In the entries that follow, repeat exactly the lines from the one that has "Dr. Kang Ting Personal profile avatar" through the one that has "Appartement vente à Nantes, Orvault", but omit pictures.

Information
-- Opening Marker --

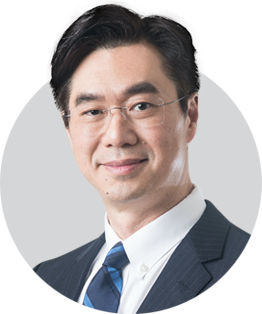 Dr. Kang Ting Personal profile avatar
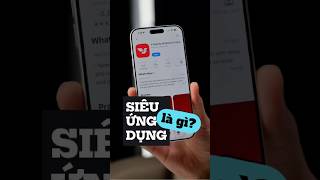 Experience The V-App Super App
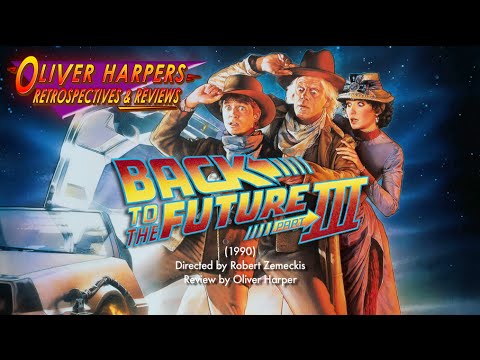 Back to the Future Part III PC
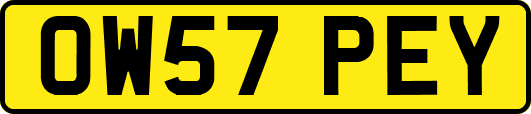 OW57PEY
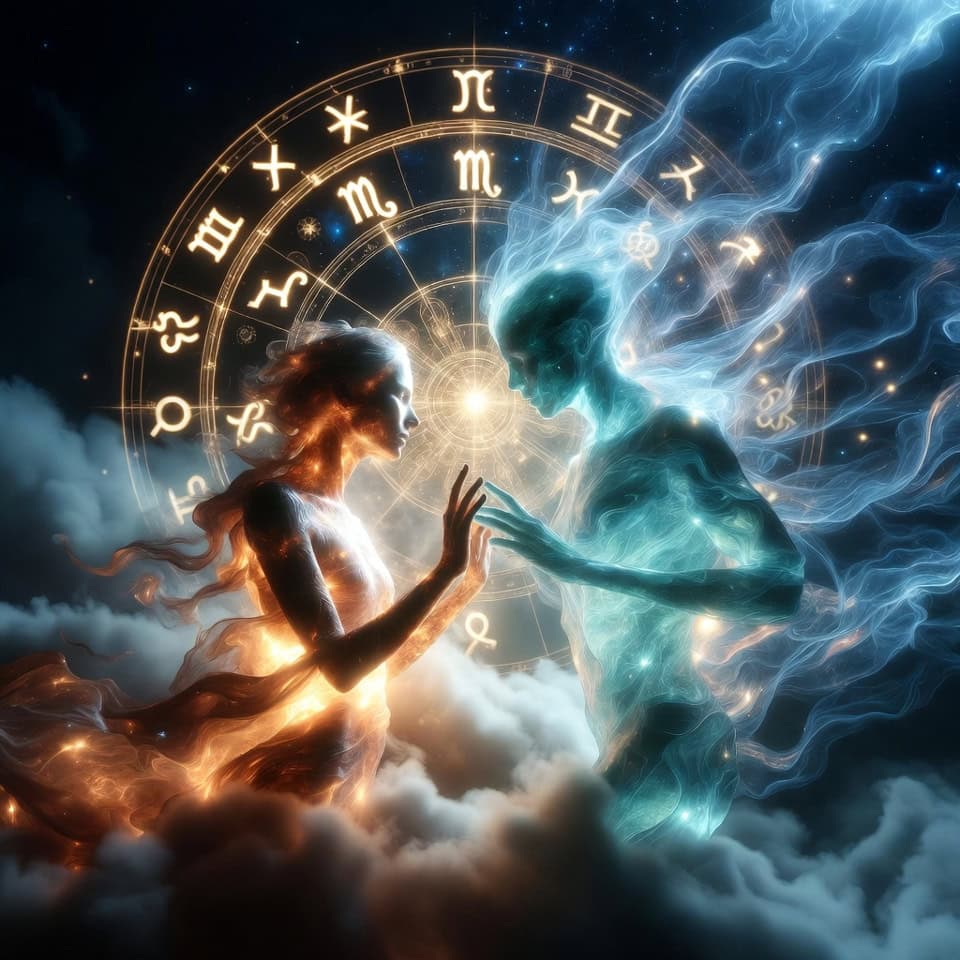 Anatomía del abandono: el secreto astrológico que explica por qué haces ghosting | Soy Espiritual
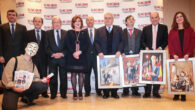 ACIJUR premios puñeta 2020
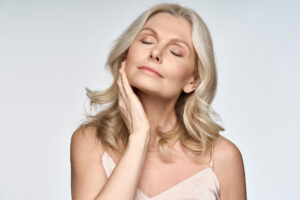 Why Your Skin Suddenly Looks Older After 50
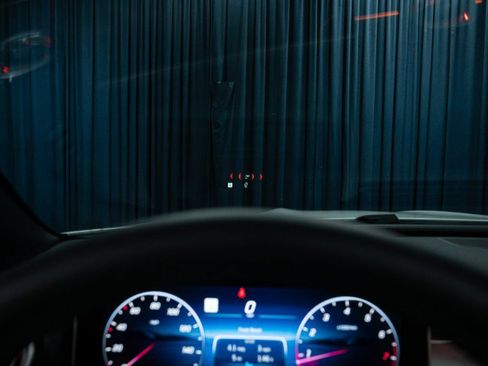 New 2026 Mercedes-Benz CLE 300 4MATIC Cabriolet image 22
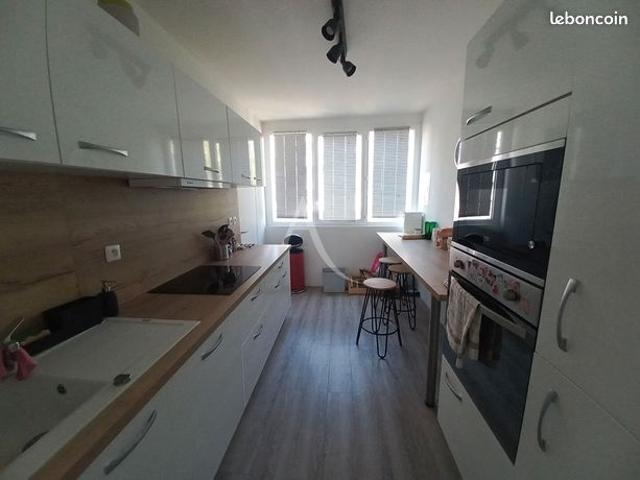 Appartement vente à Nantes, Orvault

-- Closing Marker --
-- Opening Marker --

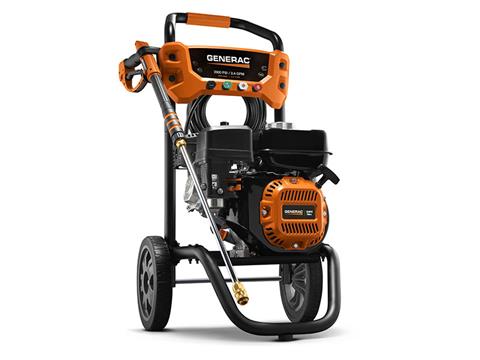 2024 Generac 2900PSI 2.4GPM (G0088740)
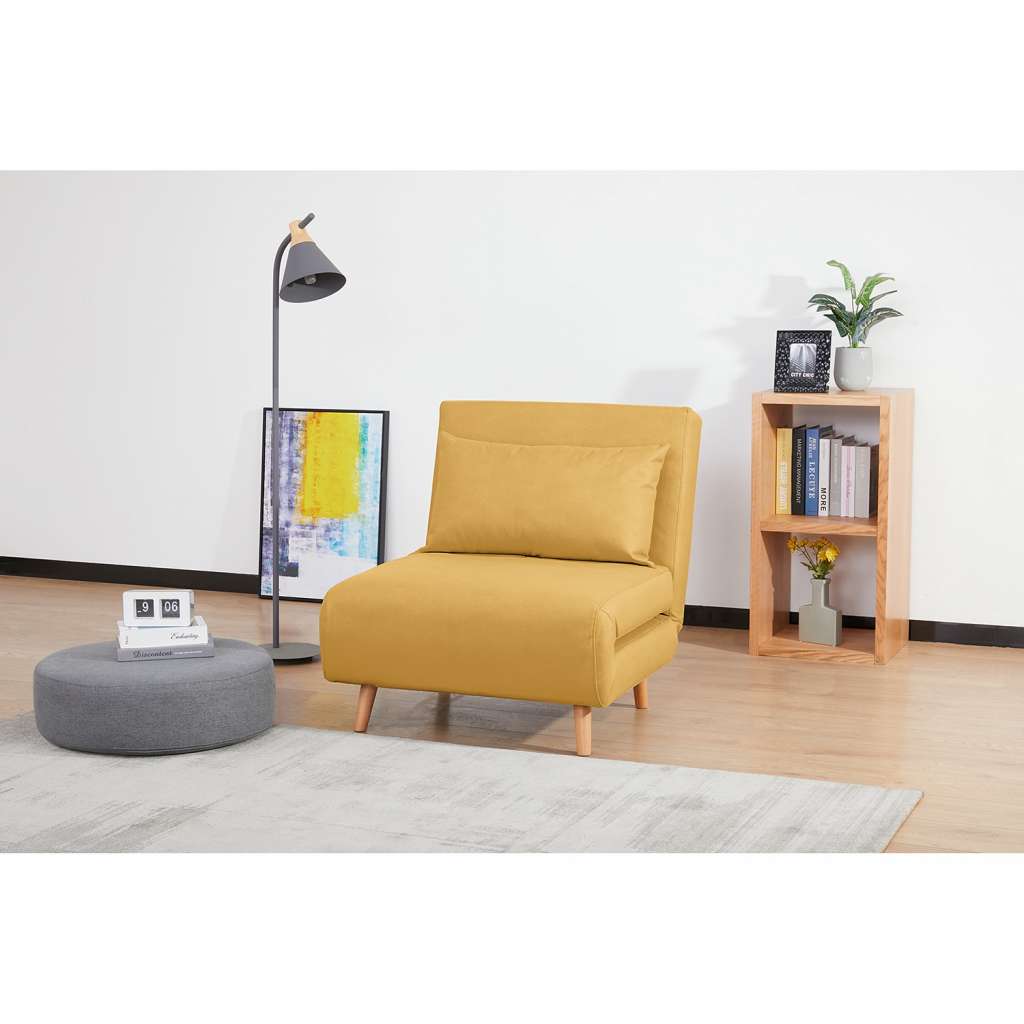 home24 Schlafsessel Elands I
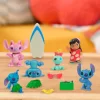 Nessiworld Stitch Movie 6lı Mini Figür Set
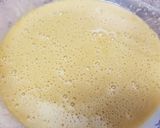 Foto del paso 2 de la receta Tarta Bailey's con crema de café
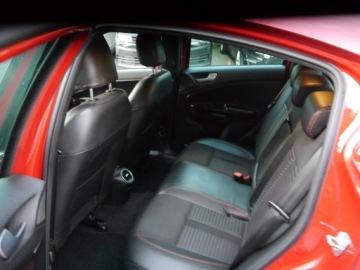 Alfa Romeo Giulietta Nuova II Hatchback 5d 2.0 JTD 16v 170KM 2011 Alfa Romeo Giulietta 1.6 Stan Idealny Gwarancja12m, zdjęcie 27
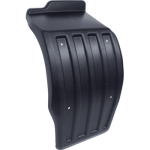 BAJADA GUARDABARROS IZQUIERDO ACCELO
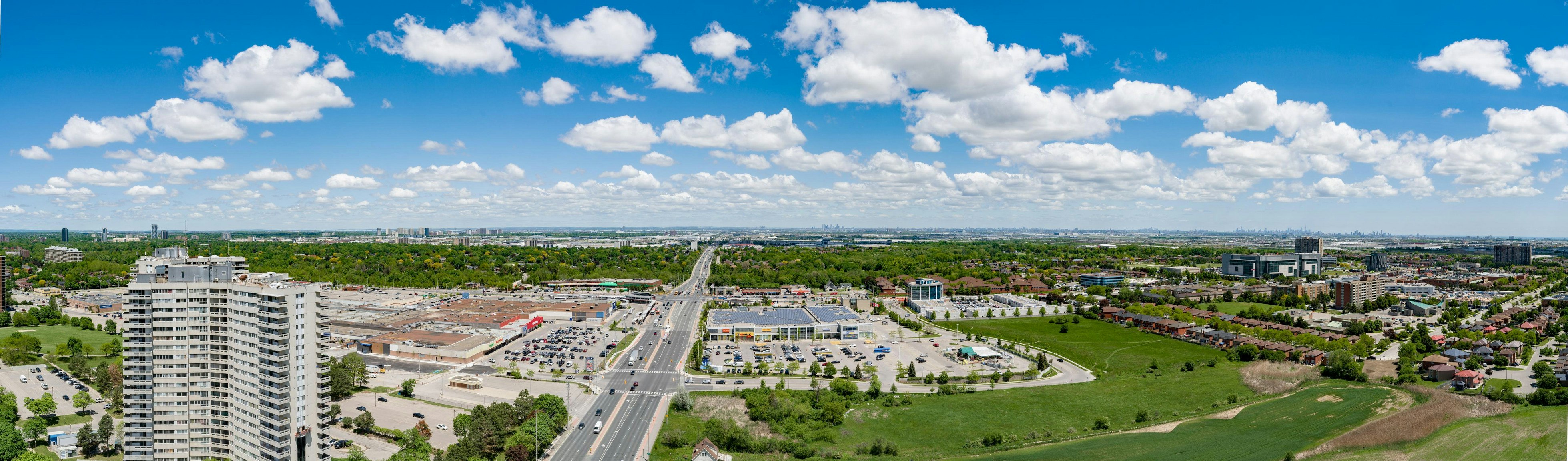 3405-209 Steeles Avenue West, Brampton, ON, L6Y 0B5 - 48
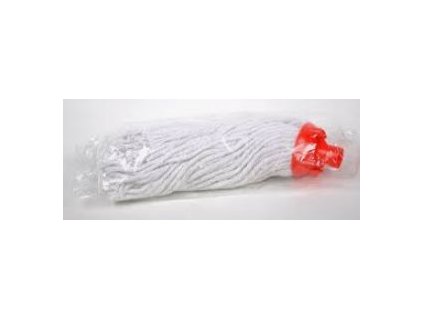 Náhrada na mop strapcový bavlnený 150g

-- Closing Marker --
-- Opening Marker --

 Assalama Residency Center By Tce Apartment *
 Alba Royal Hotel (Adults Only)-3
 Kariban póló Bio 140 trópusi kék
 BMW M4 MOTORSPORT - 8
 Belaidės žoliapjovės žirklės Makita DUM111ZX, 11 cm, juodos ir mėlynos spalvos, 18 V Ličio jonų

-- Closing Marker --

Expected answer
 Dr. Kang Ting Personal profile avatar
 Experience The V-App Super App
 Back to the Future Part III PC
 OW57PEY
 Anatomía del abandono: el secreto astrológico que explica por qué haces ghosting | Soy Espiritual
 ACIJUR premios puñeta 2020
 Why Your Skin Suddenly Looks Older After 50
 New 2026 Mercedes-Benz CLE 300 4MATIC Cabriolet image 22
 Appartement vente à Nantes, Orvault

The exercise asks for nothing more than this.